[Captioned web images]
□ □ □ □ □

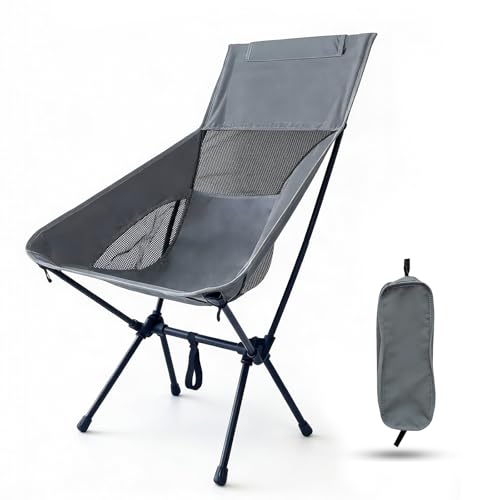 IEJ Ultralight High-Back Camping Chair - Portable Folding Backpacking Chair with Anti-Slip Abrasion...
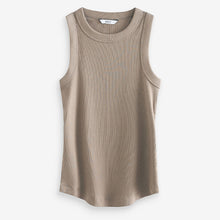 Load image into Gallery viewer, Taupe Brown Ribbed Racer Tank Vest Sleeveless Top
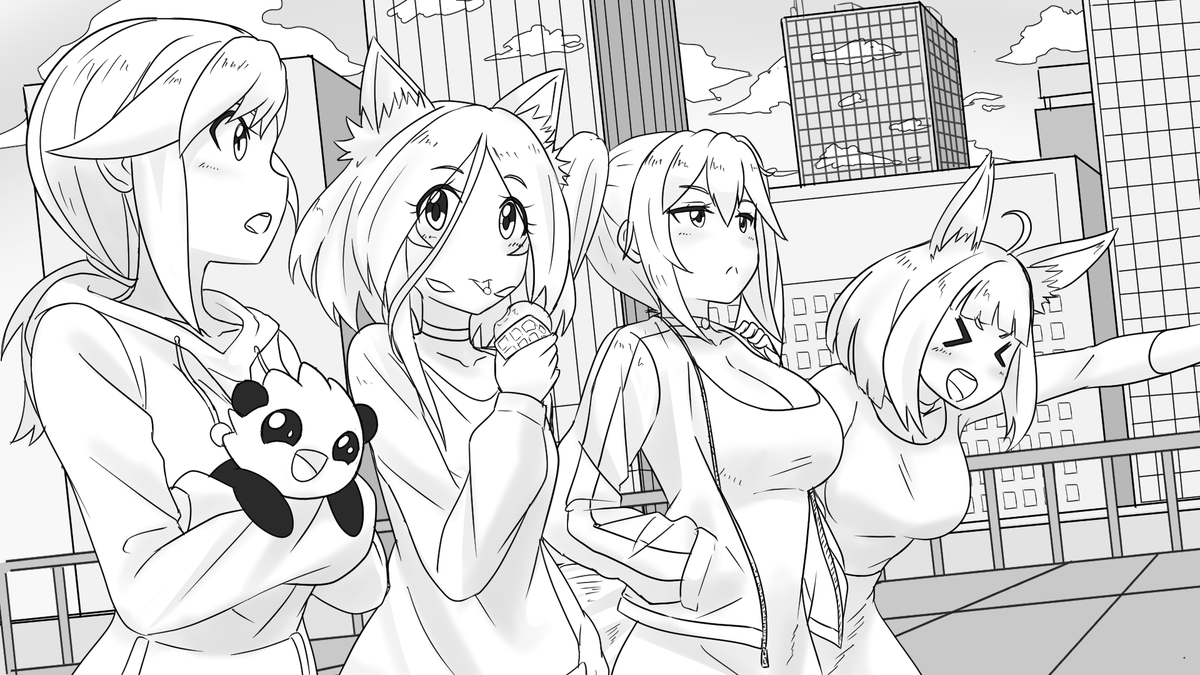 "girls day out"

when you wanna keep sketching but you dont wanna draw the same characters all the time so you steal the 4 other people's OC's you've worked with before ? 
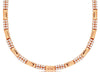 ESTATE .78CT DIAMOND 14KT ROSE GOLD 3D CLASSIC ROUND 2 ROW LOVE TENNIS NECKLACE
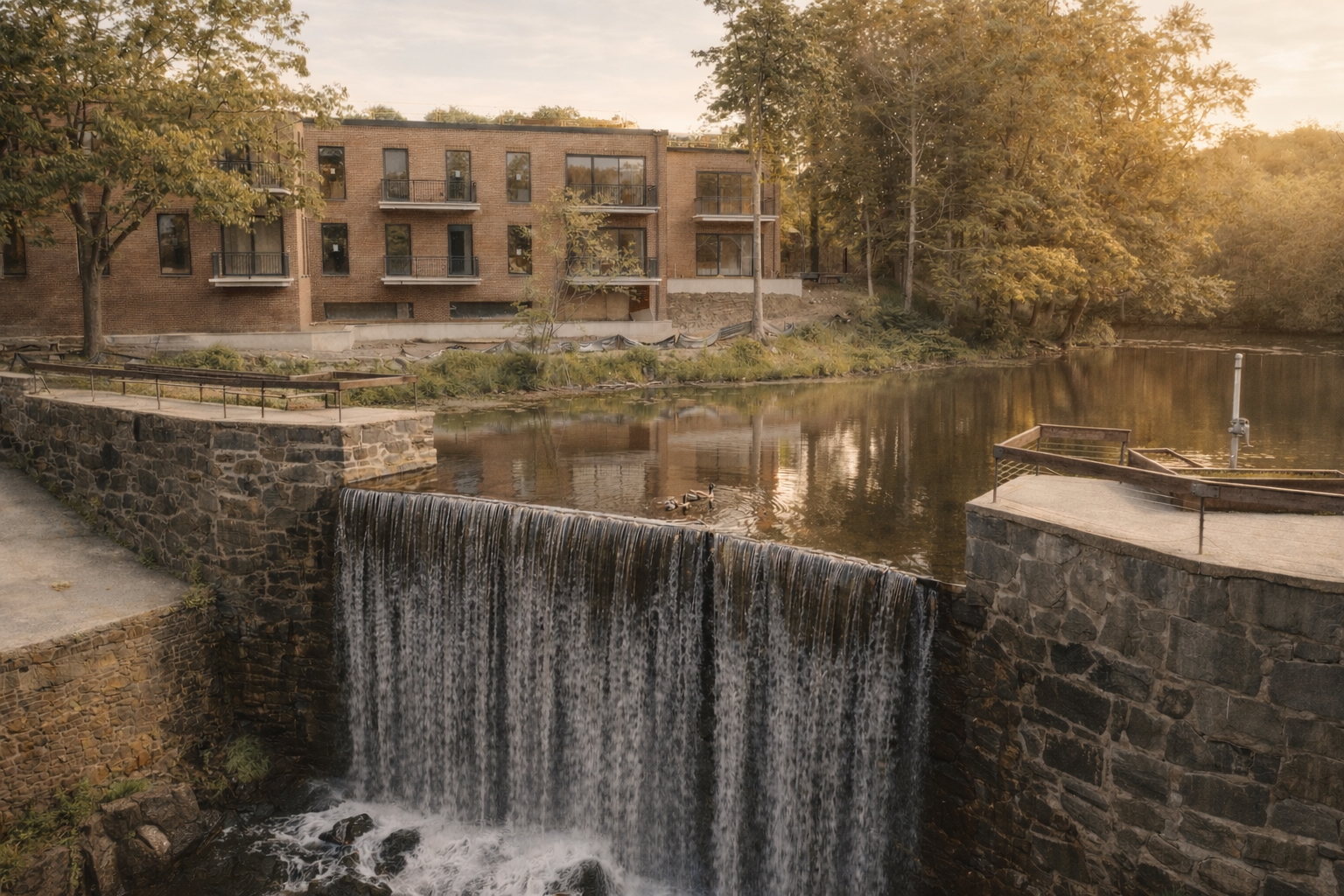 Glenville CT waterfall and historic mill building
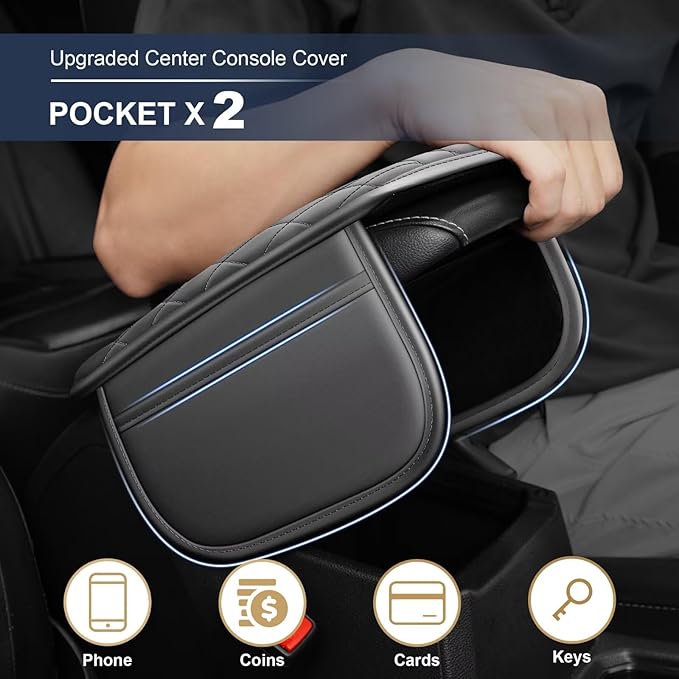 YORKNEIC Center Console Cover Fit for Lincoln Aviator Armrest Cover for Car with 2 Side Pockets Faux Leather Middle Console Cover (Grey)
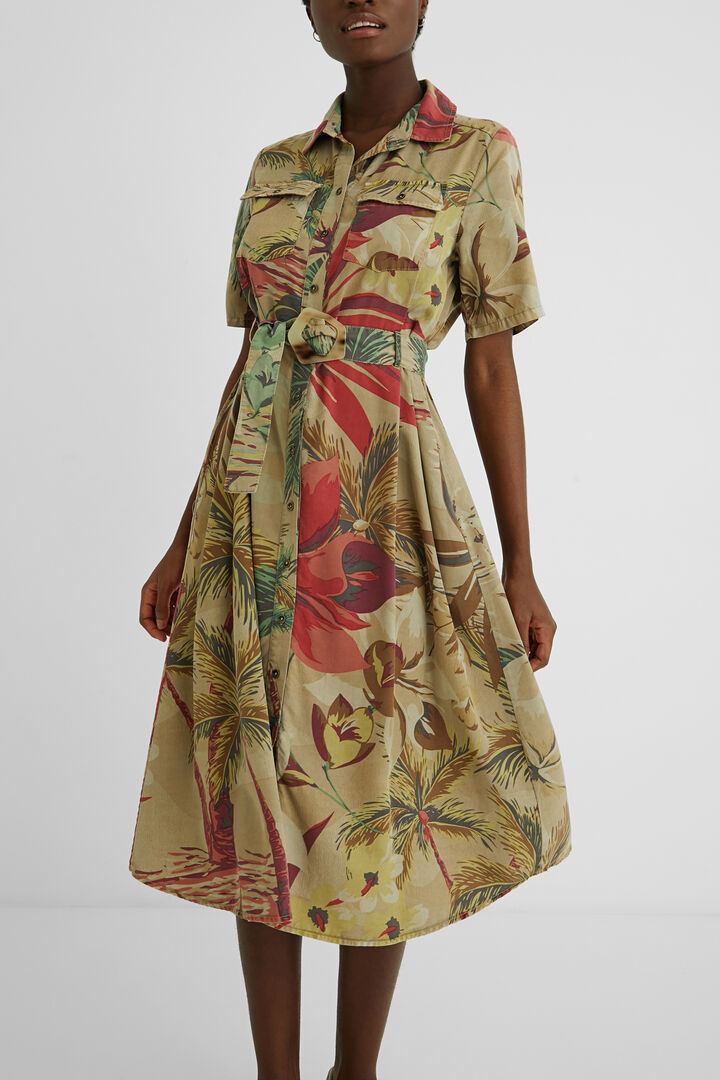 Vestido camisero con camuflaje floral | Desigual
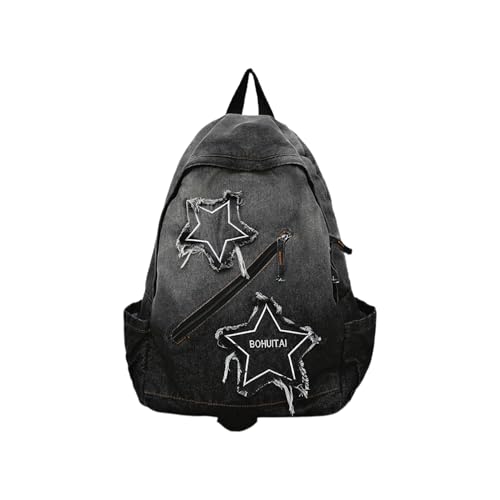 Mochila Y2K Star, mochila jeans gótica grunge, mochila punk emo estética, mochila gótica vintage para mulheres e homens, 【Preto-a】, M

□ □ □ □ □

TO DO: Transcribe exactly, and only, the lines from the one with "Vestido camisero con" through the final line of the data above. The pictures stay out.

ANSWER SECTION:
 Vestido camisero con camuflaje floral | Desigual
 Mochila Y2K Star, mochila jeans gótica grunge, mochila punk emo estética, mochila gótica vintage para mulheres e homens, 【Preto-a】, M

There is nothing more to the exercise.